Normally when a company starts being shitty, the best people start leaving. E.g. when you make bad design decisions for a video game, you start losing your highest skilled players disproportionately. They leave at a higher per-capita rate than medium or low skilled players. Similarly you start losing content creators, bug hunters, strategists, early adopters, etc.
But ad-driven websites covertly/accidentally use a two-tiered system. I barely know how shitty the ads on YouTube are because I use ad block. I don’t leave over them. I just turn them off using tools that, for various reasons, many other people do not use. There are lots of websites that, if ad block didn’t exist, I would dislike and stop using. I think many of the best people are the same. With a video game, everyone gets the same experience. With a book or TV show, everyone gets the same story. But with YouTube or Worldometer, the better people are disproportionately likely to get a better user experience, so they keep using it, linking it, talking about it, etc., and helping lead the masses to it. But then it sucks for a lot of the masses.

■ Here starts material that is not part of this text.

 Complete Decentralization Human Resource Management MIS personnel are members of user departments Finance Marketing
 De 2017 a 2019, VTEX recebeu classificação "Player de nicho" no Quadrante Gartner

I agree. This reminded me of the first 20s of this video that is relevant: (from Coffeezilla – a finance-y YT channel; not always high quality, but popular.) https://www.youtube.com/watch?v=Z-BaG09PbFY
I think a lot of tech products are two-tiered. Only instead of ads the savvier people can skip, the tiering is based on the user’s need for help/support, especially when the product isn’t technically ‘broken’.
The best people, who are skilled enough to handle setup and within-spec operation completely on their own or by searching web articles, can have a good experience with lots of tech that’s supremely shitty for the masses.
The same products create a shitty experience for most people because they’re not simple enough for most people to handle on their own and support sucks badly.